The limitation of liability clause applies to the breach of Remote’s duty to exercise its discretion in good faith
[46] The trial judge’s interpretation of the limitation of liability clause led her to conclude that, if the clause were to apply, it would operate to exclude liability for breach of the duty of good faith altogether, something that she noted that Bhasin v. Hrynew, 2014 SCC 71, [2014] 3 SCR 494 prohibited.
[47] Plainly, parties are not free to exclude the duty of good faith altogether; the duty is a general doctrine of contract law that applies to all contracts: Bhasin, at para. 75; C.M. Callow Inc. v. Zollinger, 2020 SCC 45, [2020] 3 S.C.R. 908, at para. 84. But it does not follow from the inability of the parties to exclude the duty of good faith altogether that they may not limit the scope of liability for breach of the duty. They are free to do so, just as they may modify the scope of the duty of good faith: Bhasin, at para. 77.
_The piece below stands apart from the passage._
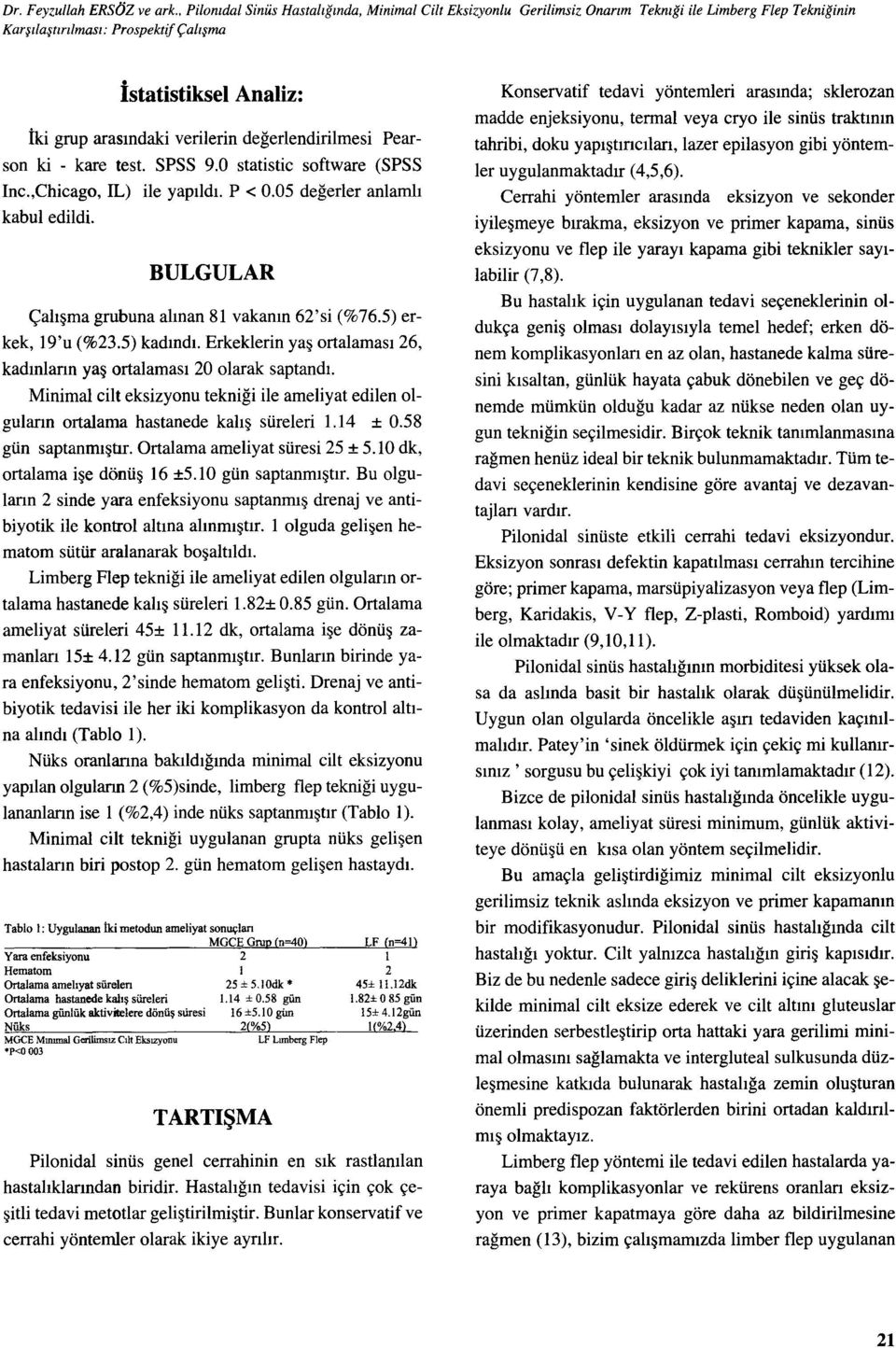 verilerin değerlendirilmesi Pearson ki - kare test. SPSS 9.0 statistic software (SPSS Inc.,Chicago, IL) ile yapıldı. P < 0.05 değerler anlamlı kabul edildi.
[48] Breach of the duty of good faith sounds as a breach of contract: Wastech Services Ltd. v. Greater Vancouver Sewerage and Drainage District, 2021 SCC 7, [2021] 1 SCR 32, at para. 62; Spina v. Shoppers Drug Mart Inc., 2024 ONCA 642, at para. 171. There is, in principle, no reason why a breach of the duty is not amenable to a limitation of liability provision. Section 18 is not tantamount to a complete exclusion of liability, and hence a contracting out of the duty itself. Nor can it be said that, in this case, the parties’ decision to limit damages for breach of contract to $50,000 compromises the operation of the “minimum core” of the duty: Bhasin, at para. 77.